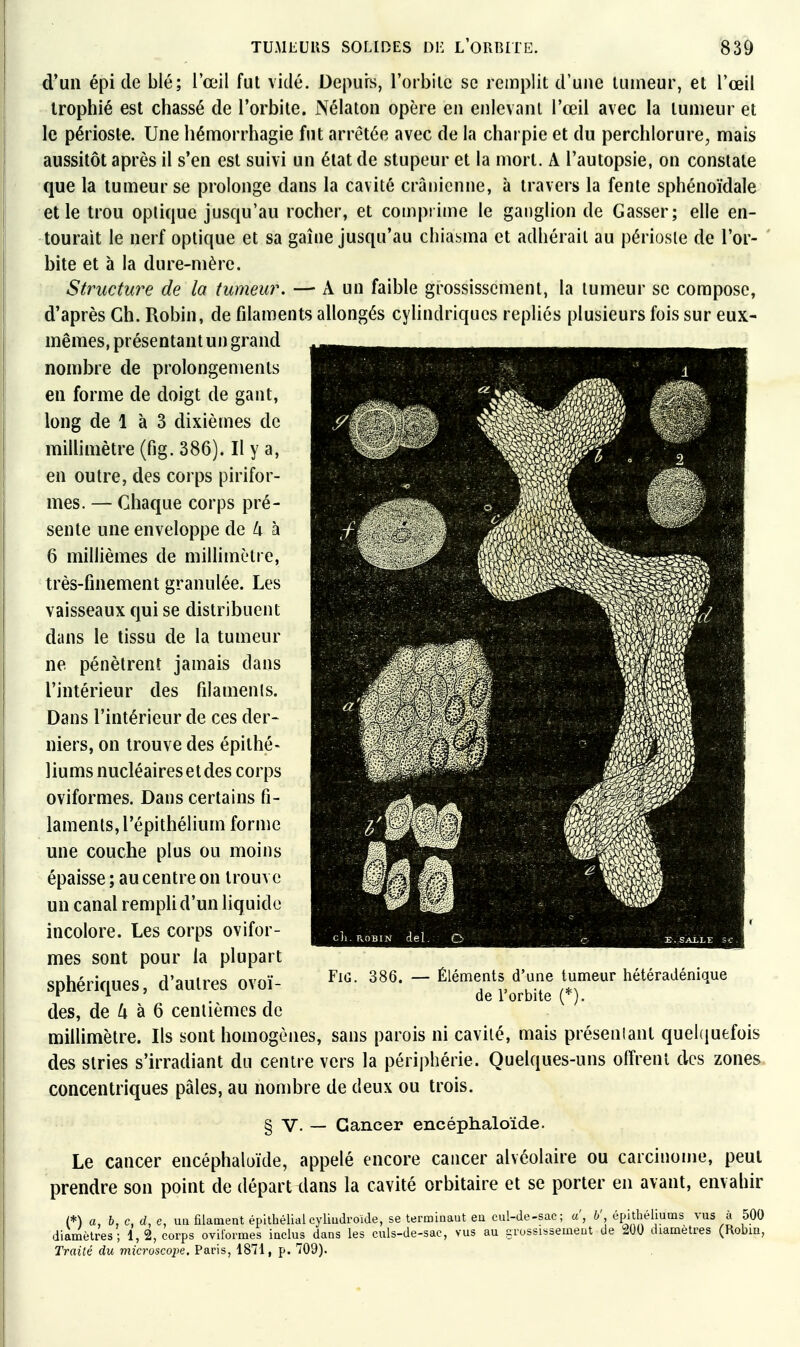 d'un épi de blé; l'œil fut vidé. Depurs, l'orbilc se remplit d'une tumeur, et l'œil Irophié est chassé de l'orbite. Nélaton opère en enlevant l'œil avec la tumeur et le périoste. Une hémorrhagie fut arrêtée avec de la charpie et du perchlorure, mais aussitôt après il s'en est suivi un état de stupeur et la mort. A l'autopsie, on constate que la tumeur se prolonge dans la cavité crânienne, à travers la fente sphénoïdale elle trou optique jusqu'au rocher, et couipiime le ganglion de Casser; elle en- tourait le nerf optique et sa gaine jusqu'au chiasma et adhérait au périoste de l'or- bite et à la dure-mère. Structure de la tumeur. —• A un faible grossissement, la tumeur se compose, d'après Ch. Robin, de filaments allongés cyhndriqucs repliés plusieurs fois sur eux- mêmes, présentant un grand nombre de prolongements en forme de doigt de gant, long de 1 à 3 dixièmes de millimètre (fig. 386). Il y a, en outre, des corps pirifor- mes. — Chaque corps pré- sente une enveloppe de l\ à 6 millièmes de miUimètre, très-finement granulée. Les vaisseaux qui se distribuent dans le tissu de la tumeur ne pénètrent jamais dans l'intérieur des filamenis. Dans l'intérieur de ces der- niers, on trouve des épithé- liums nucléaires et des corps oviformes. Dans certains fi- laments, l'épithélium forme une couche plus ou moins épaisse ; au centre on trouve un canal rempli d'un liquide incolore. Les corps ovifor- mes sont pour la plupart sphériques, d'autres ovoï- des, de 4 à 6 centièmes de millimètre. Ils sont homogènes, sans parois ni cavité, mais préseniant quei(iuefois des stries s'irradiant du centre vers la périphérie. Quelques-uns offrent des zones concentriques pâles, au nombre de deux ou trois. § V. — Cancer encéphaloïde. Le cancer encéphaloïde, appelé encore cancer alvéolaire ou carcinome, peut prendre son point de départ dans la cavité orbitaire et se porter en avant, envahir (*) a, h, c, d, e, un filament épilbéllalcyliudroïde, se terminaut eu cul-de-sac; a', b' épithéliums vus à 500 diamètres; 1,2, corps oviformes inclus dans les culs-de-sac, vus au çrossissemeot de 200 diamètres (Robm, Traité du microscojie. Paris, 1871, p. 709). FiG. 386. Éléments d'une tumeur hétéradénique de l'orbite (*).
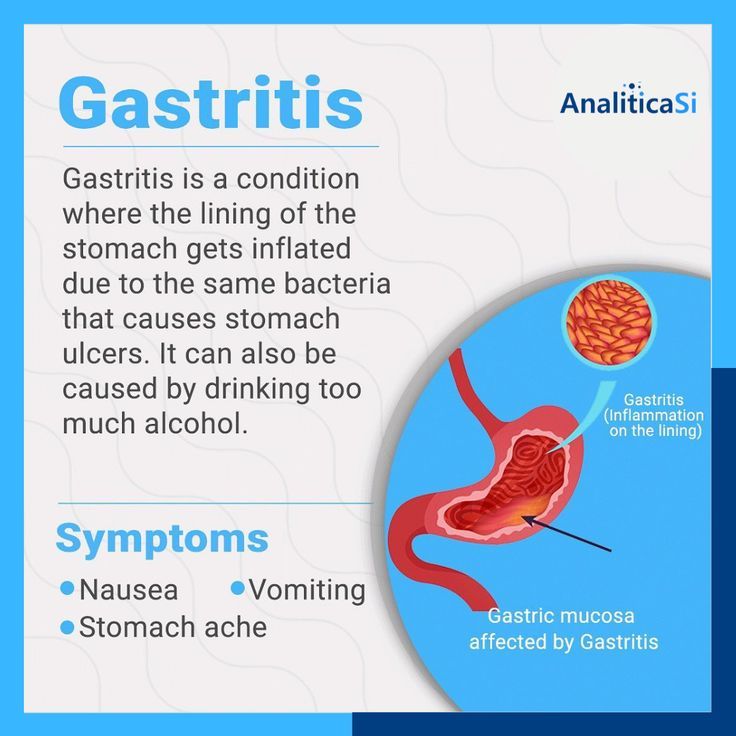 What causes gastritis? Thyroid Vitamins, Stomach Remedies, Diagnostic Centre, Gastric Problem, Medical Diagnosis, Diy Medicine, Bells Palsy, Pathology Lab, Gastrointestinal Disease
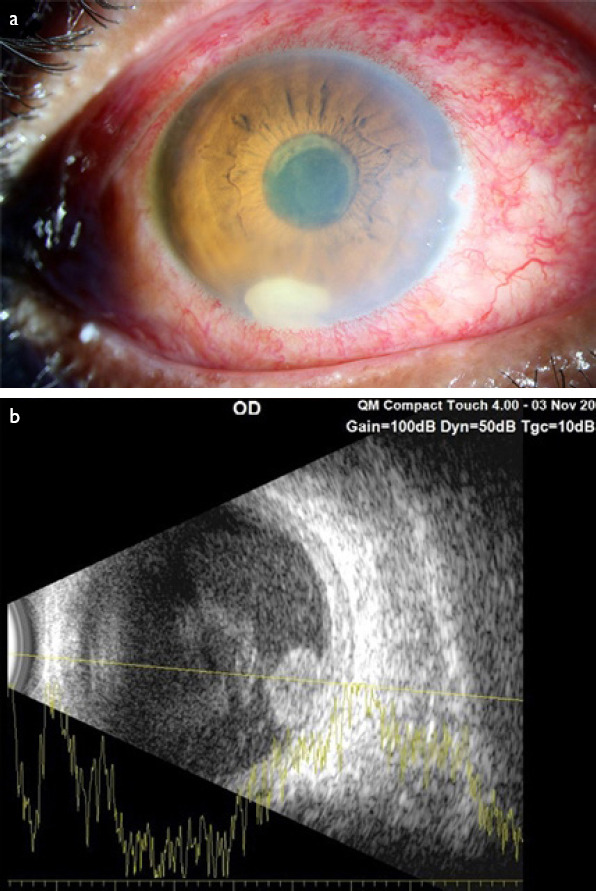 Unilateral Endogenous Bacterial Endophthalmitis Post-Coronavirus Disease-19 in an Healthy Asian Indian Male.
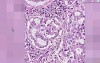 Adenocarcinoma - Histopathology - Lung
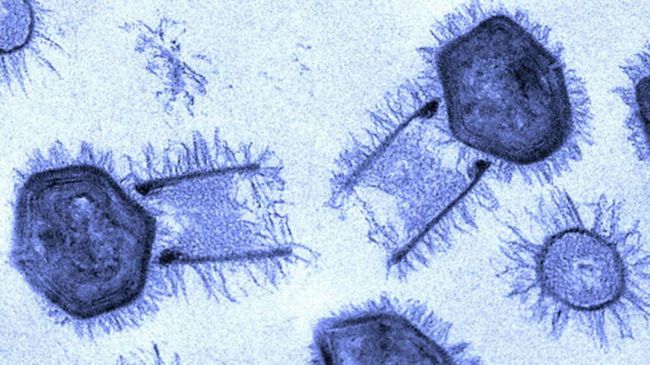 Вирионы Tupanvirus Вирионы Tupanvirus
□ □ □ □ □
What to produce — Restate word for word the lines of the data above that begin at the line with "What causes gastritis?" and end at the line with "Adenocarcinoma - Histopathology - Lung", keeping both ends and dropping every picture.

Solution to the exercise —
 What causes gastritis? Thyroid Vitamins, Stomach Remedies, Diagnostic Centre, Gastric Problem, Medical Diagnosis, Diy Medicine, Bells Palsy, Pathology Lab, Gastrointestinal Disease
 Unilateral Endogenous Bacterial Endophthalmitis Post-Coronavirus Disease-19 in an Healthy Asian Indian Male.
 Adenocarcinoma - Histopathology - Lung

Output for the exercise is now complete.